▸ **YOUR ASSIGNMENT**: Every line from the one with "Gold Plated Silver" up to and including the one with "Palestinian female students" is to be output exactly as it appears below; pictures are not.

▸ **INPUT**:
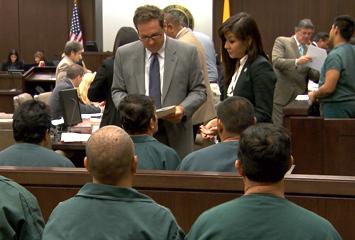 image of attorneys meeting with defendants before a hearing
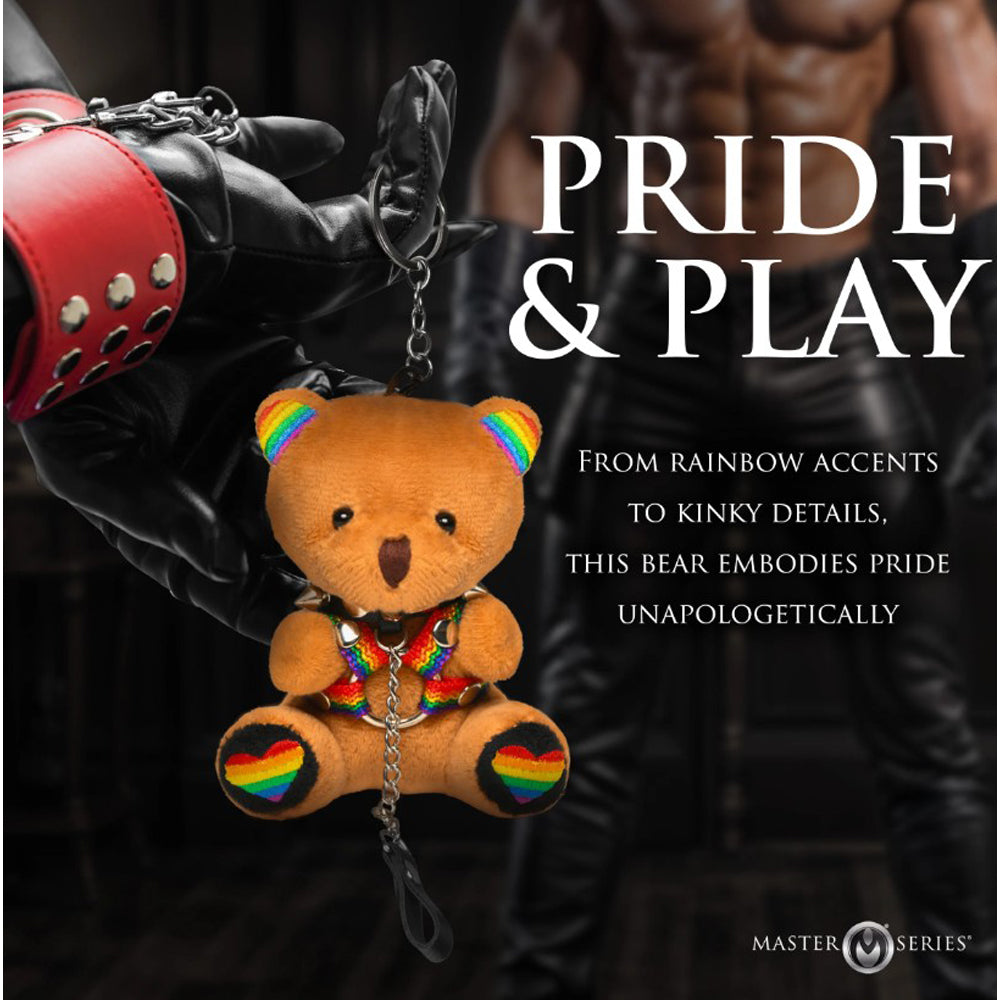 A plush teddy bear keychain with rainbow accents and a spiked collar.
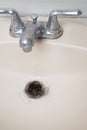 Blocked drain hole in sink Royalty Free Stock Photo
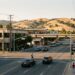 Office buildings and a surface parking lot near the Walnut Creek BART station on North California Boulevard in late afternoon light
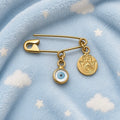 Gold Plated Silver Safety Pin Evil Eye Brooch With Hamsa Charm on a baby blanket - 24jewels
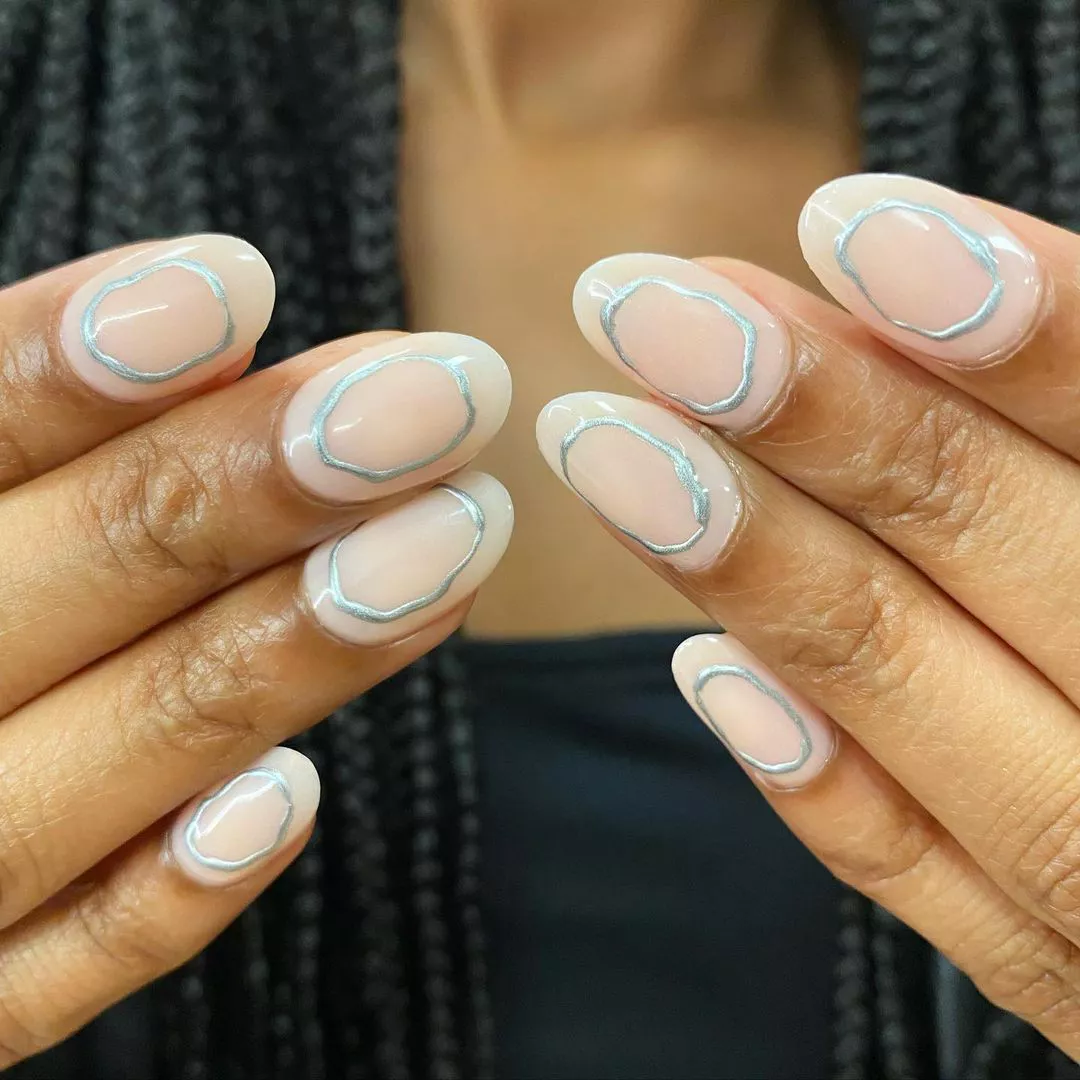 Closeup of hands showcasing nails with metallic circles and a braided hairstyle in the background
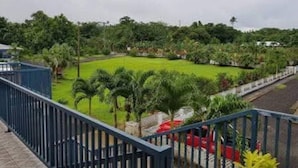 Une vue depuis un balcon donnant sur un jardin bien entretenu, avec des palmiers et une pelouse.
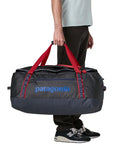 Patagonia Black Hole Duffel Bag 70L (Smolder Blue w/Amanita Red) standing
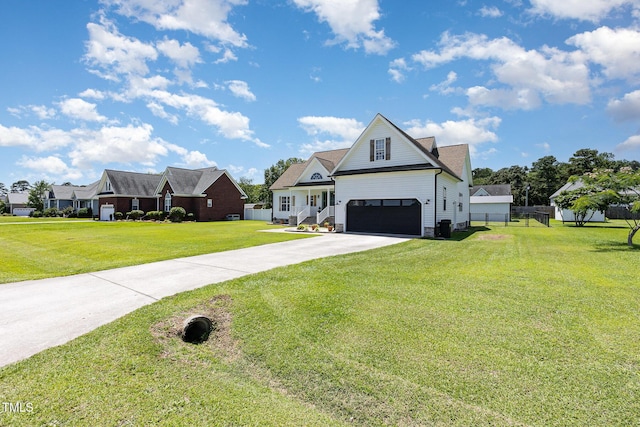 305 Maddux Dr, Pikeville, NC 27863 - view of front of property with driveway and a garage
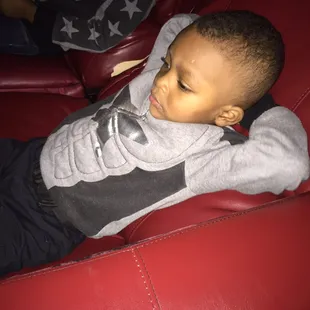 Baby boy enjoying the reclining seats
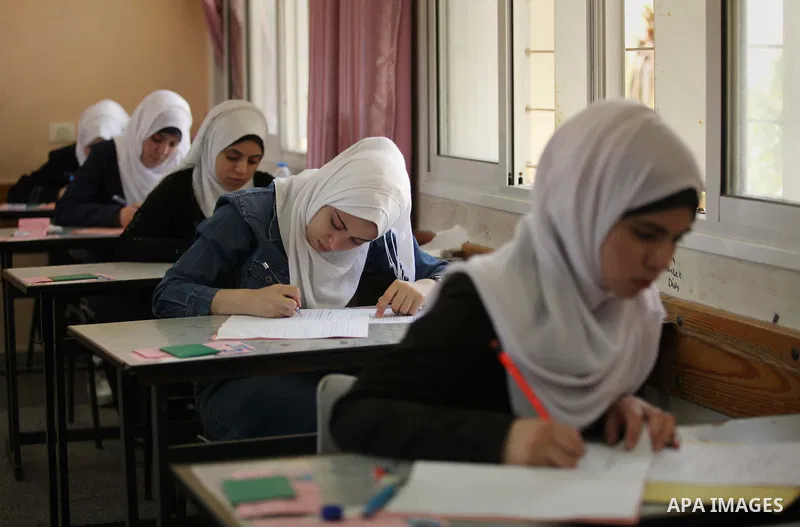 Palestinian female students sit for their final high school exams, known as "Tawjihi", in Gaza city on May 30, 2015. Nearly 81,000 Palestinian students sat for the first session of their high school exams seeking to obta...
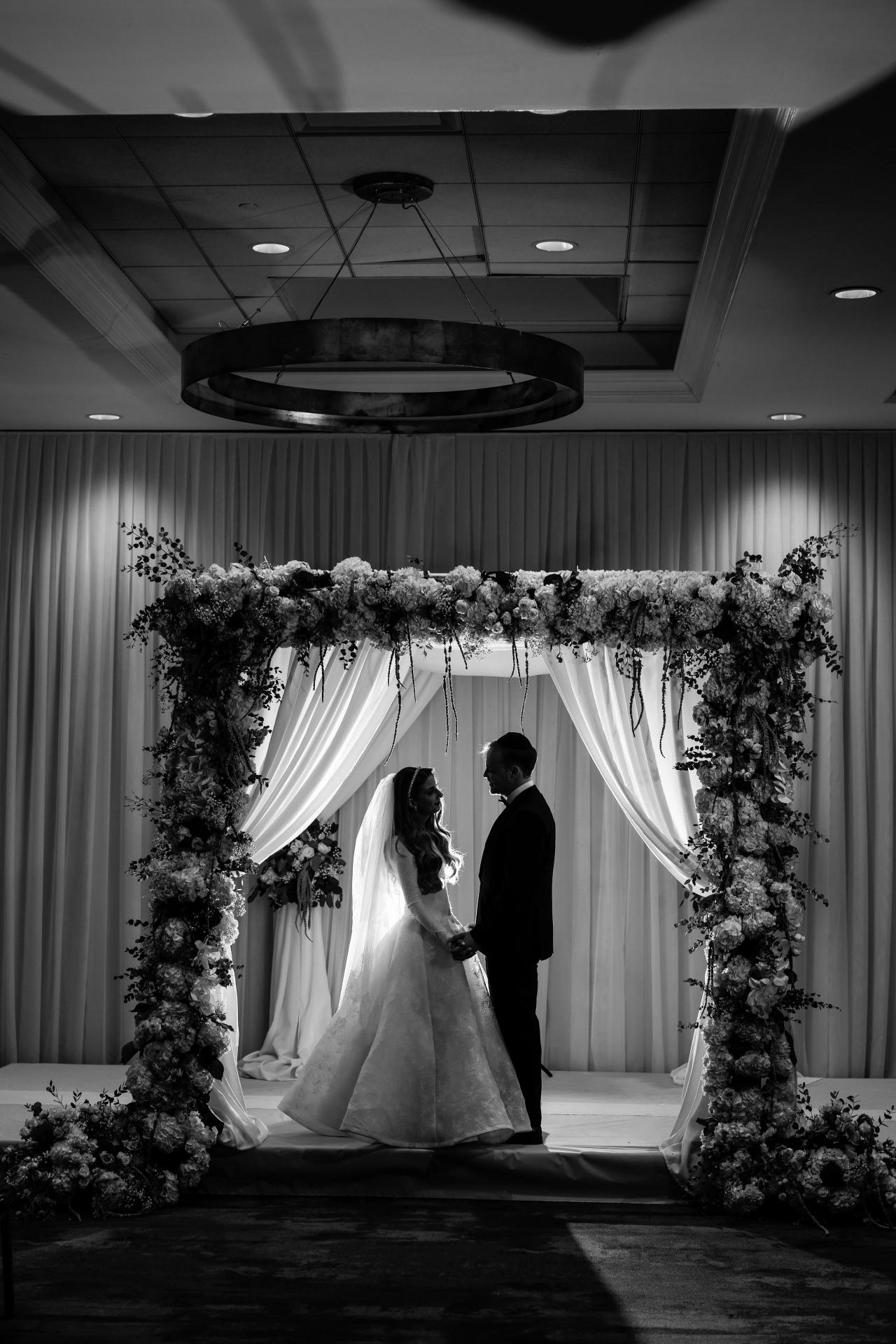 Black-and-white couple portrait beneath a flower-framed chuppah. Wedding photography at Brightstone, Passaic, NJ.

▸ **SOLUTION FOR THIS PROBLEM**:
 Gold Plated Silver Safety Pin Evil Eye Brooch With Hamsa Charm on a baby blanket - 24jewels
 Closeup of hands showcasing nails with metallic circles and a braided hairstyle in the background
 Une vue depuis un balcon donnant sur un jardin bien entretenu, avec des palmiers et une pelouse.
 Patagonia Black Hole Duffel Bag 70L (Smolder Blue w/Amanita Red) standing
 305 Maddux Dr, Pikeville, NC 27863 - view of front of property with driveway and a garage
 Baby boy enjoying the reclining seats
 Palestinian female students sit for their final high school exams, known as "Tawjihi", in Gaza city on May 30, 2015. Nearly 81,000 Palestinian students sat for the first session of their high school exams seeking to obta...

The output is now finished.